Pela sua brutalidade sónica e pelo humor grotesco, há mais de duas décadas que os Holocausto Canibal reinam nas profundezas pútridas do underground e do grindcore nacional. Ao fim deste tempo, os álbuns da banda nunca são arautos de grandes surpresas, nunca comprometendo a sua ferocidade visceral em detrimento de trends. Todavia, a cada álbum da banda sente-se sempre um patamar acima dos anteriores. A razão para isto é simples. Se o ponto de partida, há vinte e cinco anos atrás, foi a violência e a mesma se mantém, sucede que o polimento das arestas se deu com a intransigência das rotinas – ensaios, composição, gravação, digressão – e a consequente “rodagem”. Cada vez mais maturada, com os músicos cada vez mais donos de fluidez na sua execução instrumental, a banda passou a ter aquele fluxo rock ‘n’ roll (sim, disparem “Campas do Negro Breu”, se persistem reticentes diante da afirmação). Significa que, há muito que aspectos técnicos mais toscos estão ausentes dos registos dos Holocausto Canibal e das suas apresentações em concerto (que, de resto, sempre ostentaram de forma mais exuberante este factor que referimos). Portanto, “Crueza Ferina” é tudo aquilo que os portuenses sempre foram, mas com um groove incomparável com aquilo que fizeram até aqui – mesmo admitindo que, apesar de contactar com a banda desde a sua concepção, o meu contacto com a sua discografia peque por epidérmico em alguns momentos.
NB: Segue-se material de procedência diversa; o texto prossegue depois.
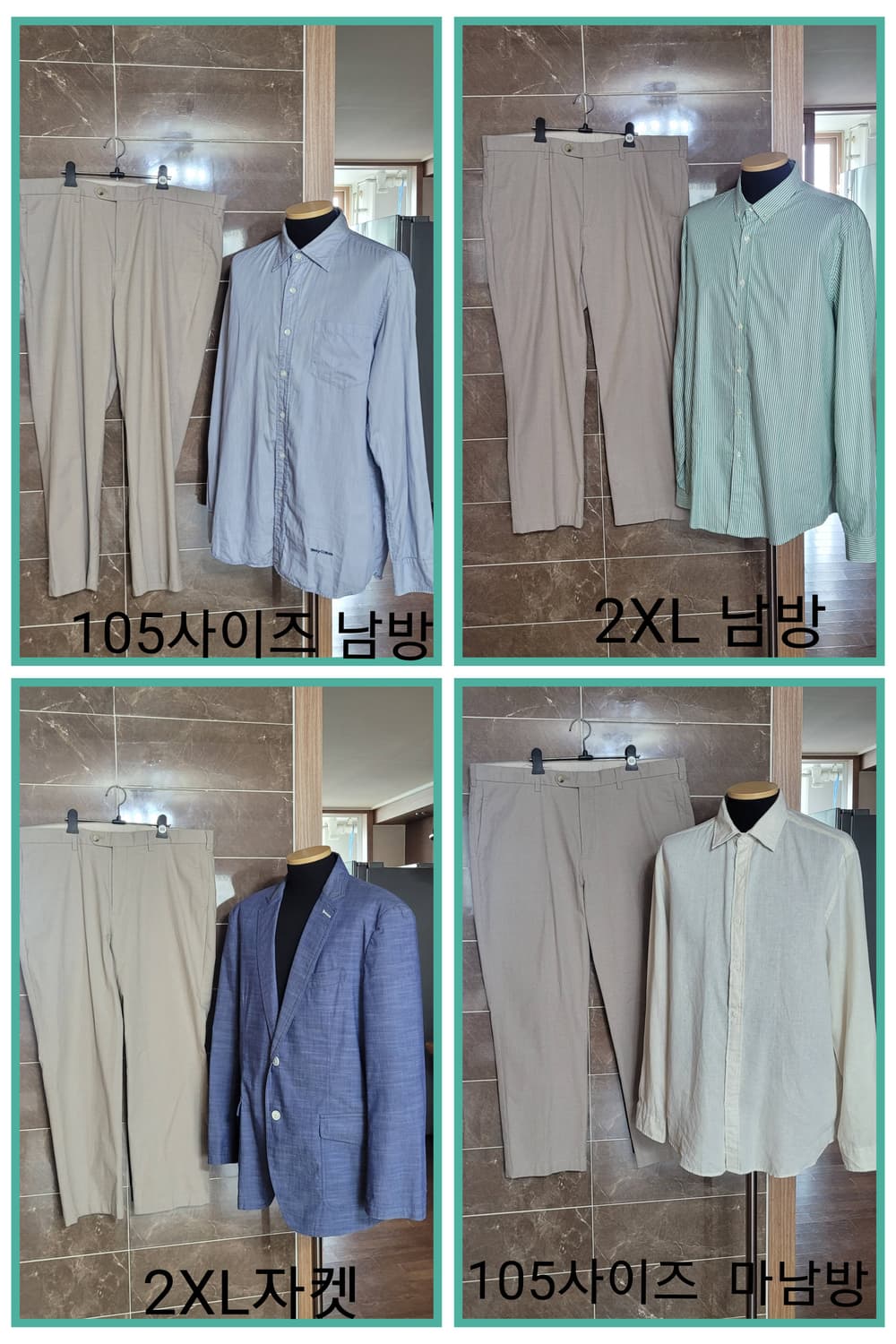 (남성38-39인치)Hazzys 남성 바지 (여름용) 상품이미지1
“Exôdo Mortuoso”, o primeiro tema após a introdução que nos deixa os nervos em franja, conta com a participação de nome de sólida reputação no submundo do peso – Bob Vigna. O músico dos Immolation gravou o solo de guitarra nesta malha. E por falar em guitarras, desde este arranque fenomenal do disco, fica-se imediatamente com a sensação de “Crueza Ferina” ser, nesse aspecto particular, aquele que na discografia da banda apresenta melhor som, cheio de poder e articulação. Fenomenal trabalho de João Ribeiro. Enorme poder e equilíbrio na secção rítmica – sem excessos nos pratos – e uma intransigente parede de distorção, aliviada apenas em alguns momentos de fraseados melódicos, como “Psicótico Interlúdio”, que desencadeia de seguida a devastadora sequência de “Anátemas Nefandos”, “Esquartejado em Segundos”, a explosiva “Prenúncios Da Vingança Córnea”, com Diogo absolutamente demolidor nos blasts, e o aceno ao death metal old school de “Suprema Dominância Taurina”.
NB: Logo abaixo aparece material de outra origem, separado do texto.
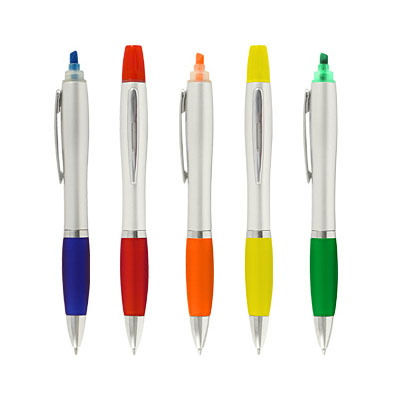 Bolígrafo con Destacador Wind Satin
Vibrantemente dinâmico e consistente, o disco encerra com a jóia da coroa, “Quérolo dos Finados”, e o borderline d-beat de “Sortilégio da Perversão”. Uma palavra ainda para a beleza visceral da foto de Rui Pires que serve de capa ao disco, que é o melhor dos Holocausto e um dos melhores do ano. «Tem que se experimentar, se não se experimentar, não se sabe».